### Information supplied

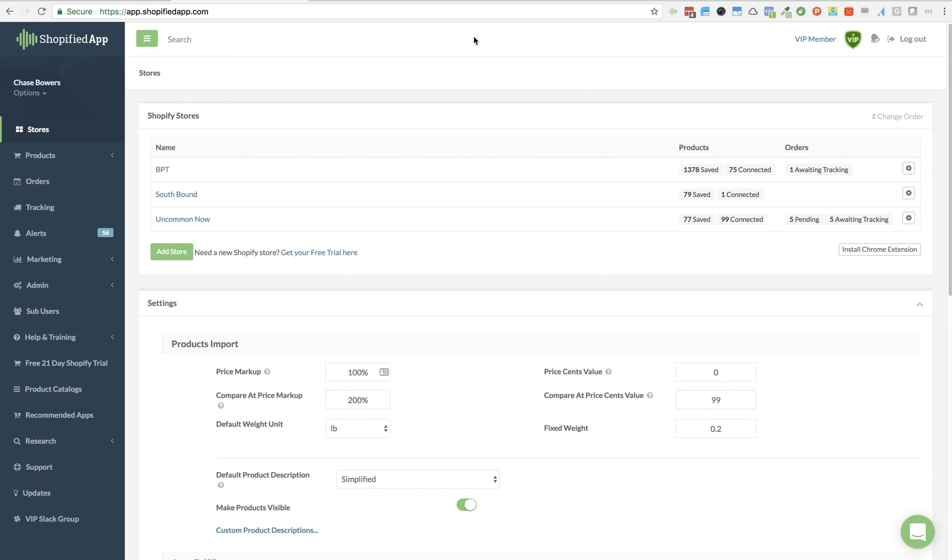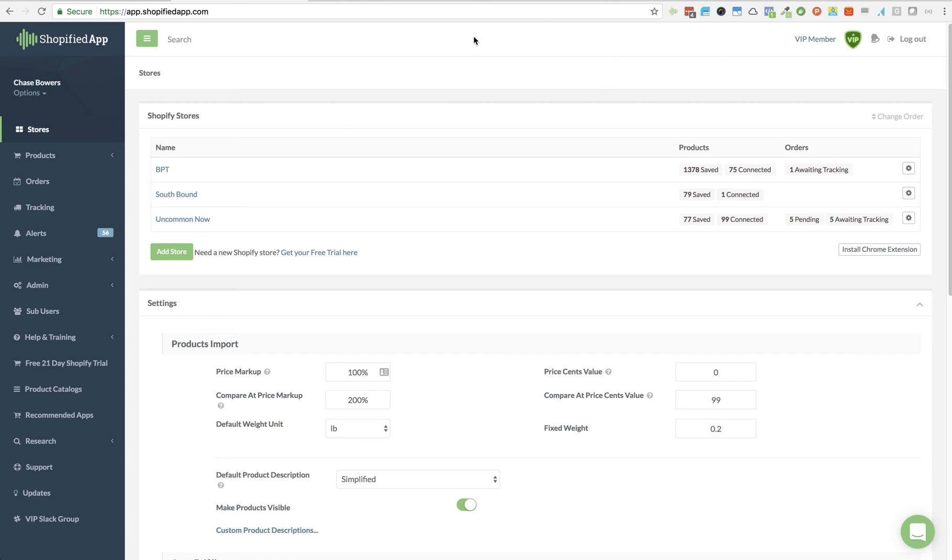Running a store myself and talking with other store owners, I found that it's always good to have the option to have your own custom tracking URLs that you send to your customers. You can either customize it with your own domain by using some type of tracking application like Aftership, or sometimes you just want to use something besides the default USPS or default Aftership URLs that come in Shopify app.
---
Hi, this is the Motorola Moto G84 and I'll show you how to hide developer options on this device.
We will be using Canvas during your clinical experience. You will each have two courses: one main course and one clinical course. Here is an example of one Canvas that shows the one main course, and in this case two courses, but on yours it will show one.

### Work to be completed
Everything starting at the line containing "Hi, this is" and ending at the line containing "We will be using" in the records above should be repeated exactly, and only that.

### Expected answer
Hi, this is the Motorola Moto G84 and I'll show you how to hide developer options on this device.
We will be using Canvas during your clinical experience. You will each have two courses: one main course and one clinical course. Here is an example of one Canvas that shows the one main course, and in this case two courses, but on yours it will show one.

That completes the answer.